Authors: Kirk McKenzie, Robert E. Spero, Daniel A. Shaddock
Date: 3 Aug 2009
Abstract: For the laser interferometer space antenna (LISA) to reach it's design sensitivity, the coupling of the free running laser frequency noise to the signal readout must be reduced by more than 14 orders of magnitude. One technique employed to reduce the laser frequency noise will be arm locking, where the laser frequency is locked to the LISA arm length. This paper details an implementation of arm locking, studies orbital effects, the impact of errors in the Doppler knowledge, and noise limits.
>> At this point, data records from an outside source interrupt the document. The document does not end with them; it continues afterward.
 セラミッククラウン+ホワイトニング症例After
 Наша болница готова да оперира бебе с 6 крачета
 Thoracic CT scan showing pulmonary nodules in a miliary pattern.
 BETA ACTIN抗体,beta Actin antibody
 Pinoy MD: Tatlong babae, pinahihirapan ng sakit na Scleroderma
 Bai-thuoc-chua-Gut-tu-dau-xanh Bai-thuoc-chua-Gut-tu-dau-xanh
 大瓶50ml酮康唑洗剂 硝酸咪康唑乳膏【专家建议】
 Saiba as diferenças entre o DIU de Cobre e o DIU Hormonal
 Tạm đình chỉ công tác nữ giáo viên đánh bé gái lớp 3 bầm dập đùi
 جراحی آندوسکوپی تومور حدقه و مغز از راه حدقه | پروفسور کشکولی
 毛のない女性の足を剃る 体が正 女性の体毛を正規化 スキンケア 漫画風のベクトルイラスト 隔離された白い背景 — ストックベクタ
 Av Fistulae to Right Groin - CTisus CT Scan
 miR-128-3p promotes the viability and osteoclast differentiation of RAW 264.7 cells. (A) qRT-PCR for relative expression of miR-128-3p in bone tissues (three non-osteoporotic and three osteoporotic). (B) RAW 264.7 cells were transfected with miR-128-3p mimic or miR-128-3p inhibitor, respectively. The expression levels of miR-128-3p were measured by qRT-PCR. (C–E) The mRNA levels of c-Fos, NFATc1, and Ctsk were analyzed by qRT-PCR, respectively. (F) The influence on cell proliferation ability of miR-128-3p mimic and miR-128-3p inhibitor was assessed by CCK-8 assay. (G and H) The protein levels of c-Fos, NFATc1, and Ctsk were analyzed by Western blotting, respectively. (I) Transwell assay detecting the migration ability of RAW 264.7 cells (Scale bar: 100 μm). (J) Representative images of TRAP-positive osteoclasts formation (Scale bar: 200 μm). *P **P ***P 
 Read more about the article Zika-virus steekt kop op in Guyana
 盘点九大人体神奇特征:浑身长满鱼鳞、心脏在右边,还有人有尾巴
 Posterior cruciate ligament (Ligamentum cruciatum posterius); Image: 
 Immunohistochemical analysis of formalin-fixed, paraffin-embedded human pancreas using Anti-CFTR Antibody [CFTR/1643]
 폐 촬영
The noise performance of arm locking is calculated with the inclusion of the dominant expected noise sources: ultra stable oscillator (clock) noise, spacecraft motion, and shot noise. Studying these issues reveals that although dual arm locking [A. Sutton & D. A Shaddock, Phys. Rev. D 78, 082001 (2008).] has advantages over single (or common) arm locking in terms of allowing high gain, it has disadvantages in both laser frequency pulling and noise performance. We address this by proposing a hybrid sensor, retaining the benefits of common and dual arm locking sensors. We present a detailed design of an arm locking controller and perform an analysis of the expected performance when used with and without laser pre-stabilization. We observe that the sensor phase changes beneficially near unity-gain frequencies of the arm-locking controller, allowing a factor of 10 more gain than previously believed, without degrading stability. We show that the LISA frequency noise goal can be realized with arm locking and Time-Delay Interferometry only, without any form of pre-stabilization.